This problem is driving me up the wall - help required!

Sort:
stephen_33

I help with the technical aspects of running the Knockout match league (I use Python vers. 3.9) and one of the functions I carry out is to provide lists of adjusted (for closed accounts/fair-play) match results with each round in a tournament. Here's a typical example....

Obsessive Chess Disorder. (31.0) vs FanatikClub (29.0)(no result)
Chess Dream Team (34.0) vs 1 day per move club (27.0)(1-0)


That format of team scores and overall result (in blue) has been working faultlessly for years but then we began a new tournament with an Arab-themed club and suddenly I noticed this problem...

Team Match Chess (35.0) vs Arab National Team - منتخب العرب (25.0)(1-0)


I thought it was just another niggling encoding type issue and tried using the Python 'unescape' method from the html module to convert the escaped Arabic characters but it doesn't seem to change the output.

This is the club: Arab National Team - منتخب العرب

URL: https://www.chess.com/club/arab-national-team-mntkhb-l-rb

The name string as given in the match endpoint:-

"Arab National Team - \u0645\u0646\u062a\u062e\u0628 \u0627\u0644\u0639\u0631\u0628"


Another thing that took me a while to work out - not only is the result of (1-0) misplaced in the string, it's also reversed! Then I realised Arabic text is always read from right to left. Something seems to be happening that's causing my version of Python to include some non-Arabic text to be treated as if it is and outputing it in the same way (right to left).

The odd thing is, if I omit the match score or the result it outputs correctly in my console but when I copy the text here it's then reveresed...

Arab National Team - منتخب العرب (1-0)
Arab National Team - منتخب العرب (25)

Strangely it's not reversing the match score, only the result. Here's a screenshot of what I see when I print the various strings to my Python console...

Can anyone else repeat these results? And can anyone suggest a solution?

stephen_33

I've tried various different types of fomatting the string, including concatenation but all produce the same result.

Martin_Stahl

This doesn't have anything about Python, that I see, but may give pointers on what to look for.

https://opensource.com/life/16/3/twisted-road-right-left-language-support

stephen_33
Martin_Stahl wrote:

This doesn't have anything about Python, that I see, bit may give pointers on what to look for.

https://opensource.com/life/16/3/twisted-road-right-left-language-support

Thanks for the link - fascinating read and the kind of thing that leaves you needing to lie down in a darkened room for an hour?

But sadly it doesn't suggest any solution to my problem unless I missed that. I think I'll have to treat that club name as a special case and add it to my look-up table for special handling.

acity609

Without looking deep I can tell you in Java there is a 'left-to-right' mark '\u200e' to have it print properly.

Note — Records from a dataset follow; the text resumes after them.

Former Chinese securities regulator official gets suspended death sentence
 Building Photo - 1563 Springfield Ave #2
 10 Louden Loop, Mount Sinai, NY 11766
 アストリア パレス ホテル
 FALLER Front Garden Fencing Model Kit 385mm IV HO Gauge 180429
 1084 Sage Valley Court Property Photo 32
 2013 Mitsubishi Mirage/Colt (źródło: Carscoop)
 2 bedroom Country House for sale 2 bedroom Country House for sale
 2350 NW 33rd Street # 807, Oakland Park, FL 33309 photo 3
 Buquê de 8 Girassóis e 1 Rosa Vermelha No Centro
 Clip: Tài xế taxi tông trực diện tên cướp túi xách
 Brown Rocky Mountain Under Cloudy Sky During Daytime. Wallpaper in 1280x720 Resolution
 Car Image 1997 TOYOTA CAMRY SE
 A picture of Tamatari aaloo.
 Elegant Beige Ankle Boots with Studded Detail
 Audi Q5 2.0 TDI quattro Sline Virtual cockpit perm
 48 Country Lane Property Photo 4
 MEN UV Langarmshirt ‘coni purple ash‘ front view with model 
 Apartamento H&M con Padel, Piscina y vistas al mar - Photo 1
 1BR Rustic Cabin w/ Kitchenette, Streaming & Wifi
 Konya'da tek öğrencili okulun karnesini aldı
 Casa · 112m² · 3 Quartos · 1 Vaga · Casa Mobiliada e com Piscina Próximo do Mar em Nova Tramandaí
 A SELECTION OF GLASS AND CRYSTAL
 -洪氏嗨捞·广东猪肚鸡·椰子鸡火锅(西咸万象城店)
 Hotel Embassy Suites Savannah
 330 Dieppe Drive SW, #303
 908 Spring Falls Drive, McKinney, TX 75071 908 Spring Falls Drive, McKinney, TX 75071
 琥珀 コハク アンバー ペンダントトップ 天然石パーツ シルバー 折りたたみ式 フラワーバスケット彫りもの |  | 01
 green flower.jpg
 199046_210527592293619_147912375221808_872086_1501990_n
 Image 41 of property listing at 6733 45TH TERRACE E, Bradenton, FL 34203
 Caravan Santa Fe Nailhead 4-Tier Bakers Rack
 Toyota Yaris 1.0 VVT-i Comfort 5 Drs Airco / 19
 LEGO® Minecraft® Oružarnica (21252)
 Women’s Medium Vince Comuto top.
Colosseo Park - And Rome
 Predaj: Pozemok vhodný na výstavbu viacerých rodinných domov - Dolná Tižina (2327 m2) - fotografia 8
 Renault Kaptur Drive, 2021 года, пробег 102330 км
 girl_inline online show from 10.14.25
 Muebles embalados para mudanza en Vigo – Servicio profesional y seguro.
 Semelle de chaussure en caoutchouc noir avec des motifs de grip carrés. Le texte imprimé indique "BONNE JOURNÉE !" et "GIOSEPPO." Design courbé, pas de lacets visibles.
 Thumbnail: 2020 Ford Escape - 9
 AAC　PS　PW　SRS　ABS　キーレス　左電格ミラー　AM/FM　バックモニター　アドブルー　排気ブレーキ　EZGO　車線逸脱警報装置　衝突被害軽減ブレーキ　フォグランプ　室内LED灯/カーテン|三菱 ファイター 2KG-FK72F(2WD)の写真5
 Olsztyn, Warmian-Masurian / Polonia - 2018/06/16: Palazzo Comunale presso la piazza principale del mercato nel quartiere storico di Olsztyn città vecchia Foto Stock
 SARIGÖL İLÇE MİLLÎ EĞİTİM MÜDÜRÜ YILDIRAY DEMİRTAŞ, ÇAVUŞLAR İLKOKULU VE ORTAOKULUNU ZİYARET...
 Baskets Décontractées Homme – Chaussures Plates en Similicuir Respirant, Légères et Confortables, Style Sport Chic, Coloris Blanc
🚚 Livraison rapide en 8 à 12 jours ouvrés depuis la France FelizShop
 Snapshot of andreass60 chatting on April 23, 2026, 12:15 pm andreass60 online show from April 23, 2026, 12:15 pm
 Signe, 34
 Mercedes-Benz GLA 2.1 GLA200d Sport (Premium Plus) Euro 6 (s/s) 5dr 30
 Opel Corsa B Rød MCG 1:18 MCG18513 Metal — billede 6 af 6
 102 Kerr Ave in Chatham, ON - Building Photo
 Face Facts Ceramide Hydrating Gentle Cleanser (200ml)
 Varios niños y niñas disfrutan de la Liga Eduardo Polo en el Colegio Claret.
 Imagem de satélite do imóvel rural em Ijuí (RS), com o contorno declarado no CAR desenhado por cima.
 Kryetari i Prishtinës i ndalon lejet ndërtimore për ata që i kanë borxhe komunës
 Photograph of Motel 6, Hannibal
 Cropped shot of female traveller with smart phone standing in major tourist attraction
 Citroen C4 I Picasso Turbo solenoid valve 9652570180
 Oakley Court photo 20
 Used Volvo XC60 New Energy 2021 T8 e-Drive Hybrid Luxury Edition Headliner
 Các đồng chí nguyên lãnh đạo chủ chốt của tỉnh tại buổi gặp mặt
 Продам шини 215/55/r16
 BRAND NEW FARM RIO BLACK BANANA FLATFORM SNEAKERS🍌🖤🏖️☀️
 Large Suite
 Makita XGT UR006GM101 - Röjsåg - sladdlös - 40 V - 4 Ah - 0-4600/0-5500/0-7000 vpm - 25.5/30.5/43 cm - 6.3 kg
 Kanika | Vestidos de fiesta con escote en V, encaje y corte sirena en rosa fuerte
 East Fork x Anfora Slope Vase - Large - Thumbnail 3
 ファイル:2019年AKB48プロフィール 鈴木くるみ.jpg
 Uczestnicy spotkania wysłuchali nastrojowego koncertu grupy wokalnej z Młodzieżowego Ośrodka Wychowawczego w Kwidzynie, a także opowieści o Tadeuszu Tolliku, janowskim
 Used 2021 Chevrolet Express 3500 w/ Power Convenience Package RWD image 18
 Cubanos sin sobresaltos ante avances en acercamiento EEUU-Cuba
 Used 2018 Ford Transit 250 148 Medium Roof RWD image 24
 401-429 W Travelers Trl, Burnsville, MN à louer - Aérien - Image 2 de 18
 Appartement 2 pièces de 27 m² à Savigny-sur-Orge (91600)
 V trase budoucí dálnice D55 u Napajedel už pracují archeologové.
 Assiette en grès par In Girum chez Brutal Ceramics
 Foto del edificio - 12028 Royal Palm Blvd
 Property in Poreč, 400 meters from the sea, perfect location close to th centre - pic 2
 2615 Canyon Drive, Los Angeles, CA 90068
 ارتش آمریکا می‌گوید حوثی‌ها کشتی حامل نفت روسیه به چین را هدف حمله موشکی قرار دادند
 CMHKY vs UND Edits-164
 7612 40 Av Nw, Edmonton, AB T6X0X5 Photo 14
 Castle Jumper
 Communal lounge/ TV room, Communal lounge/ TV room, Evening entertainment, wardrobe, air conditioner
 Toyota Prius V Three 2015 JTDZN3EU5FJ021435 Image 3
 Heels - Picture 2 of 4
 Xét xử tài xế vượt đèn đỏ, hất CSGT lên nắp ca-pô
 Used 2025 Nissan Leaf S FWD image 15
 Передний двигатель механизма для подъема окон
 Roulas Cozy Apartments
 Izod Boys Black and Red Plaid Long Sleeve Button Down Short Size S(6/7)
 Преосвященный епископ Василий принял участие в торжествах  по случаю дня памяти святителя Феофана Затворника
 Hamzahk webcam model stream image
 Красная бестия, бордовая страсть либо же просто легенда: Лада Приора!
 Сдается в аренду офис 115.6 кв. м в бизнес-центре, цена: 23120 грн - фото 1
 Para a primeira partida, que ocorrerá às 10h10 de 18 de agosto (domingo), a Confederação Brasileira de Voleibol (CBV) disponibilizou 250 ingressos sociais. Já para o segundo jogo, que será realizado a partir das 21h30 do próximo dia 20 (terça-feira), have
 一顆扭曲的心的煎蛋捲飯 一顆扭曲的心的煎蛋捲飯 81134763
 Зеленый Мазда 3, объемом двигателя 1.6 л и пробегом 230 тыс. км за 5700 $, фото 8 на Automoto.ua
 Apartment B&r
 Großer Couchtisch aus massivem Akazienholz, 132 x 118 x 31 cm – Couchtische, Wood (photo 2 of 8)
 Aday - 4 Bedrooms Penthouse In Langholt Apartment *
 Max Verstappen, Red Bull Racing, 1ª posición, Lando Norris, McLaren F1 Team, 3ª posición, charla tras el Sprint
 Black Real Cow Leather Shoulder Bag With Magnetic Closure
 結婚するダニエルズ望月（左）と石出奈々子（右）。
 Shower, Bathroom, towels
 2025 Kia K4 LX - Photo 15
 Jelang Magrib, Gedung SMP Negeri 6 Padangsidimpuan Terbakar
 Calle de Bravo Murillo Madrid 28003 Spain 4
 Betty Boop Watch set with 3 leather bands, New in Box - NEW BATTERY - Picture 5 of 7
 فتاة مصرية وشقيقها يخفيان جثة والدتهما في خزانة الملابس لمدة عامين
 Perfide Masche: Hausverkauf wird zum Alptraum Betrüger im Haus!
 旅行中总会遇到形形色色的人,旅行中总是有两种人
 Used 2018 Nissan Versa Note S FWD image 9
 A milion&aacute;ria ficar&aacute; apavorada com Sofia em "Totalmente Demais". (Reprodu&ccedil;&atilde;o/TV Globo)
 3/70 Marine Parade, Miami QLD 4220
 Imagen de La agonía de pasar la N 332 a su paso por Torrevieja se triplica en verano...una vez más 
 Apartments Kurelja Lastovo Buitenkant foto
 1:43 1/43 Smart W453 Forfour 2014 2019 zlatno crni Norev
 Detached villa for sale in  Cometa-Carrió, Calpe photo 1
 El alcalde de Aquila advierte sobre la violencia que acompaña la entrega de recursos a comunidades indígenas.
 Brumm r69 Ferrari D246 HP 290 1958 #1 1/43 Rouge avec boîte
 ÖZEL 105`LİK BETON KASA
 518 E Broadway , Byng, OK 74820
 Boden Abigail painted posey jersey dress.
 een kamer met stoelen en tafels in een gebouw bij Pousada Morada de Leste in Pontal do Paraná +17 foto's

I suspect it's the same for Python

Martin_Stahl
stephen_33 wrote:

Thanks for the link - fascinating read and the kind of thing that leaves you needing to lie down in a darkened room for an hour?

But sadly it doesn't suggest any solution to my problem unless I missed that. I think I'll have to treat that club name as a special case and add it to my look-up table for special handling.

 

Sorry, I didn't have much time to dig into the article but had hoped it might give some indication on what exactly to look for.

stephen_33
acity609 wrote:

Without looking deep I can tell you in Java there is a 'left-to-right' mark '\u200e' to have it print properly. I suspect it's the same for Python

Thanks - tried that and it works perfectly. I've already fixed this problem with a work around but I'll make a note of that escape sequence in case I come across this problem somewhere else.

stephen_33
Martin_Stahl wrote:

Sorry, I didn't have much time to dig into the article but had hoped it might give some indication on what exactly to look for.

No, it really was useful and is full of tips on how to work around various issues. But I got the impression the author was saying this is a much more complicated subject than most people realise, how a particular browser or software package deals with RTL text is tricky to predict and there may not be a ready solution to a problem.

Since I have to cope with clubs changing their names during a round, I've treated this club as if it's one of those and converted the name to cut out the Arabic text. Works nicely.